Interesting article... .not a whole lot of substance, but, it is something I have wondered about since DB (who is very obviously BPD) hooked up with the new girl (who is obviously NPD) - They have broken up/made up about 5 times in the last year, usually every few months until she (surprise) ended up pregnant... .

I've wondered how exactly that dynamic would work... .with the desperate need for attention on both sides... .

This describes them almost exactly, although they both seem to have some similar traits to the other... .

the self-absorbed, self-important person with narcissistic PD spars with the needy, clingy partner with dependent PD.

Now that is a truly crazy relationship, huh?  In some really sick way balancing each other's insanity... .

Another link/article in searching for info on this subject, had the following information... .


One may ask at this point what it is that bonds/binds or attracts such individuals together. It appears that two narcissists or two borderlines would never "make it" together or "do the dance," because of their dynamics and defenses. But together, these oppositional types seem to maintain a bond. I see each as the perfect counterpart for the other. For instance, the borderline holds to the fantasy that if he/she were better the other would meet his/her needs. The borderline's lack of impulse-control and the tendency to criticize and attack tends to cause the narcissist to withdraw. The withdrawal brings out the borderline's fears of abandonment and separateness which leads to more anxiety and attacks. In such a dyadic relationship, the narcissist is continually faced with his/her limitations threatening the image of perfection, beauty, entitlement, grandiosity, etc., and the struggle to turn to others in the external world for validation/confirmation or approval. This withdrawal evokes profound anxiety in the borderline. The borderline, feeling threatened upon the potential loss of the narcissist, then attempts to win the narcissist back at any cost. The inclination of the borderline to subjugate self (be an "as if" personality) leads him/her to again reenact or play the role of the perfect mirroring self object for the narcissist and holds to the promise that he/she will improve ("do better". The narcissist then returns in light of this promise; however, the promise is impossible to keep due to the lack of impulse control in the borderline and the feelings of emptiness that are provoked by this pretense. Thus the cycle starts all over again.

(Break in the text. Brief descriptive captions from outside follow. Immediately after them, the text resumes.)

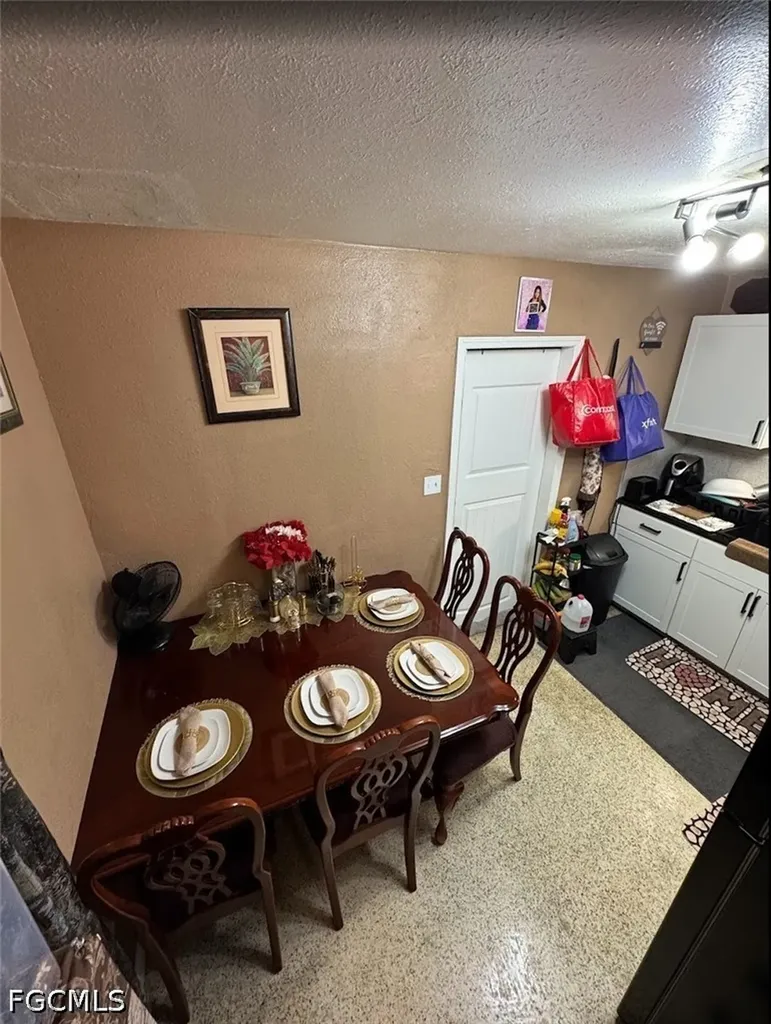 107 William Street Fort Myers FL 33916
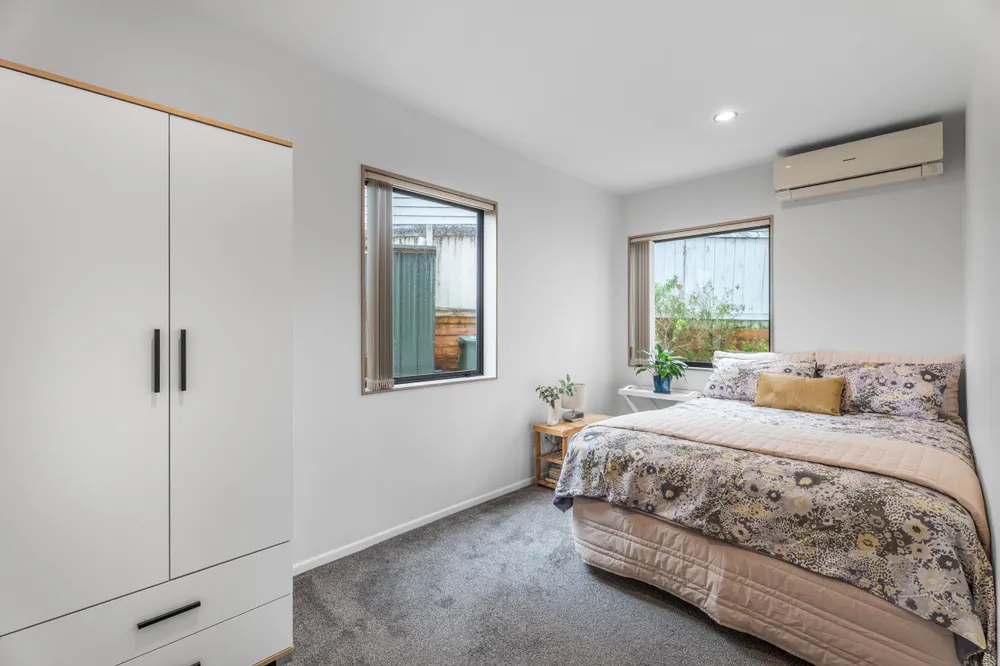 Photos of 31B Quona Avenue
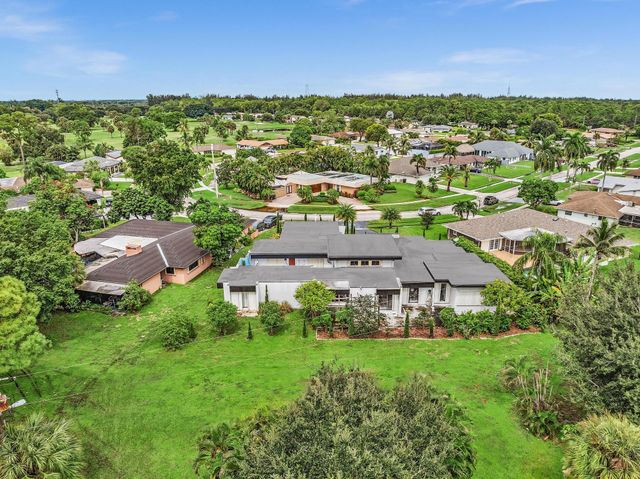 3210 Medinah Circle E, Lake Worth, FL 33467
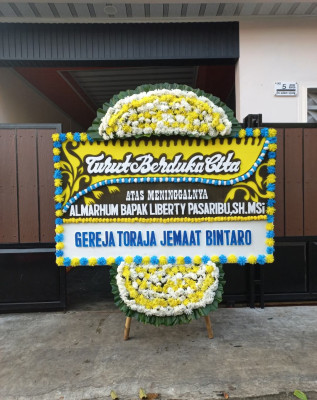 Papan Bunga Duka di Sukawana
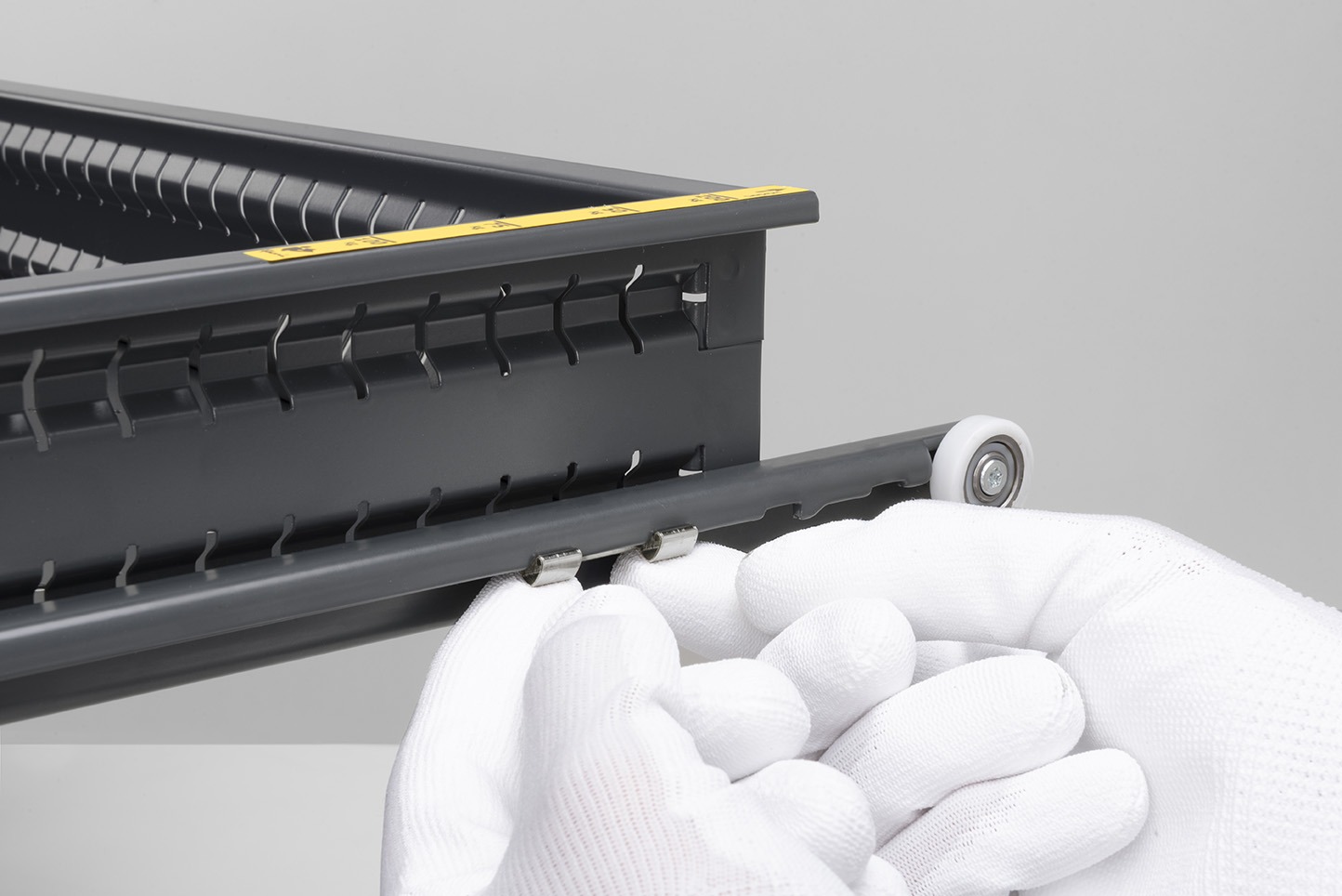Exorya mechanical drawer adjustment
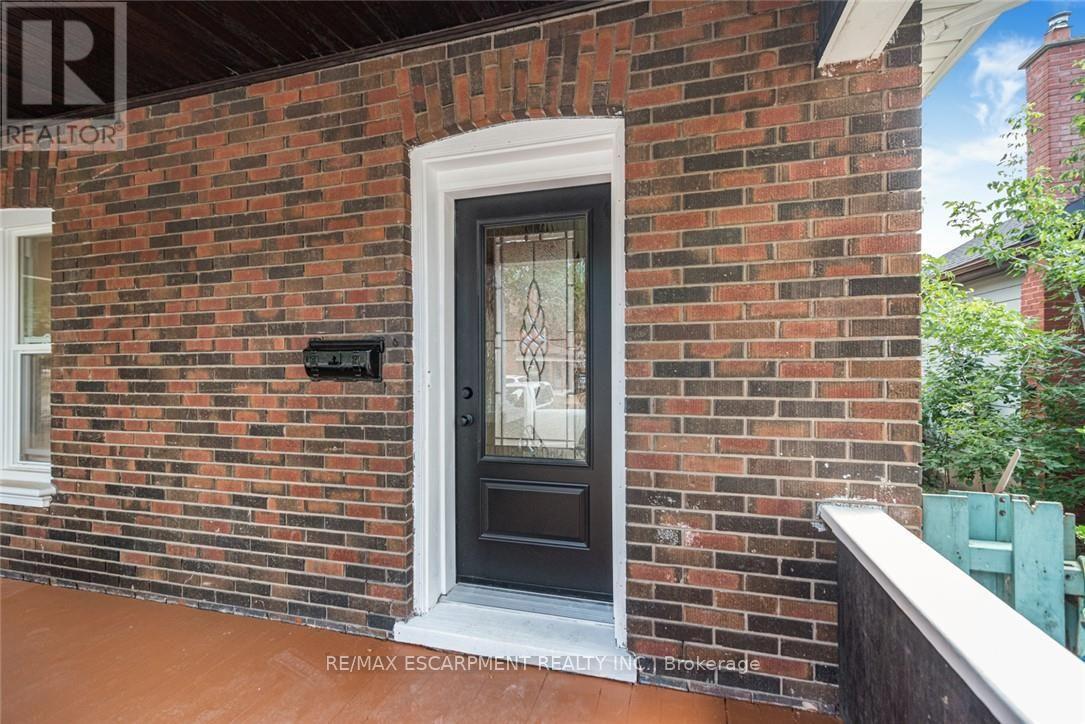 203 Brock Street Property Photo 39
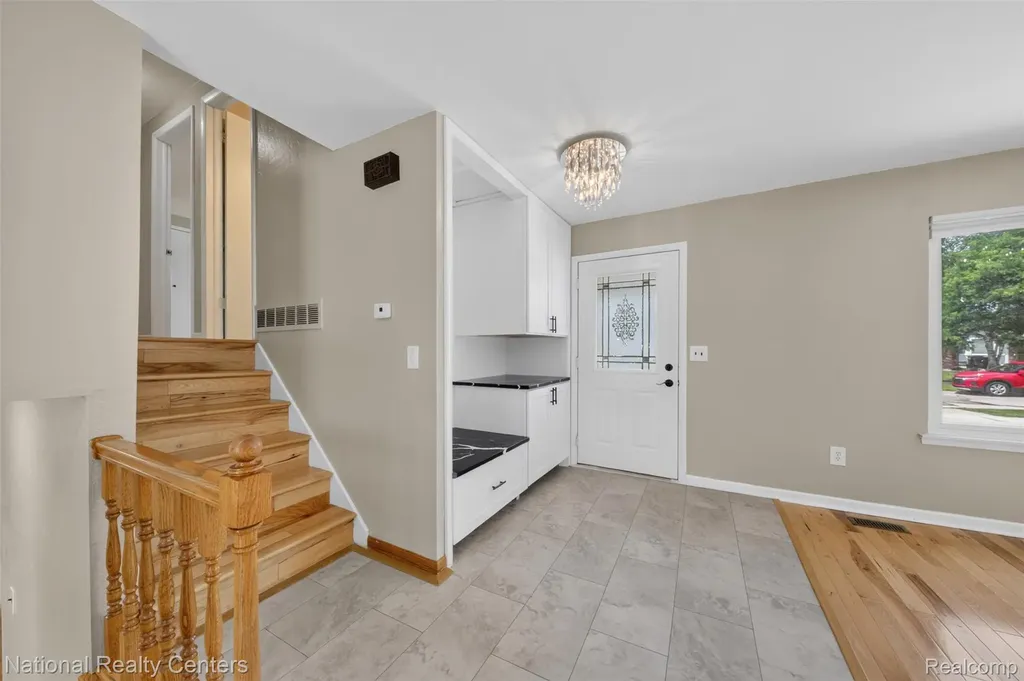 40014 Eagle Drive Sterling Heights City MI 48310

It has been stated that the narcissist is dominated by a need for specialness and appreciation, has a need to preserve a special relationship with another who he fantasizes will provide him with narcissistic gratification. While the borderline is preoccupied with proving his "existence," the narcissist is involved with proving he has s "special sense of existence." The narcissist is often feeling short-changed, let down and unfulfilled by the borderline spouse. Narcissists seemingly have a distorted or a pseudo sense of entitlement (as in feeling more entitled, as in withholding visitation rights), and seek out others who can mirror their grandiosity and reaffirm their "entitlement" needs. For the narcissist, this is preferable to facing up to his/her real self and its personal limitations and defects.


In short, both would rather invest time and energy blaming/attacking or running away rather than taking charge of their lives. Letting go, coming to terms with reality, may mean facing up to their own limitations in themselves and the other. Frequently, one would rather prove the other partner wrong indefinitely, than to recognize their own personality deficits. For the borderline, developing a sense of self may mean giving up the idea that the narcissistic partner is the only one who can validate them. It may mean learning something about developing normal dependency relationships and recognizing that parasitic relationships do not lead to real bonding and growth. For the narcissist it may mean learning how to evaluate their own accomplishments without needing constant validation/confirmation from others, and to rely more on their own thinking such as in realizing that they may not be as entitled as they imagine. .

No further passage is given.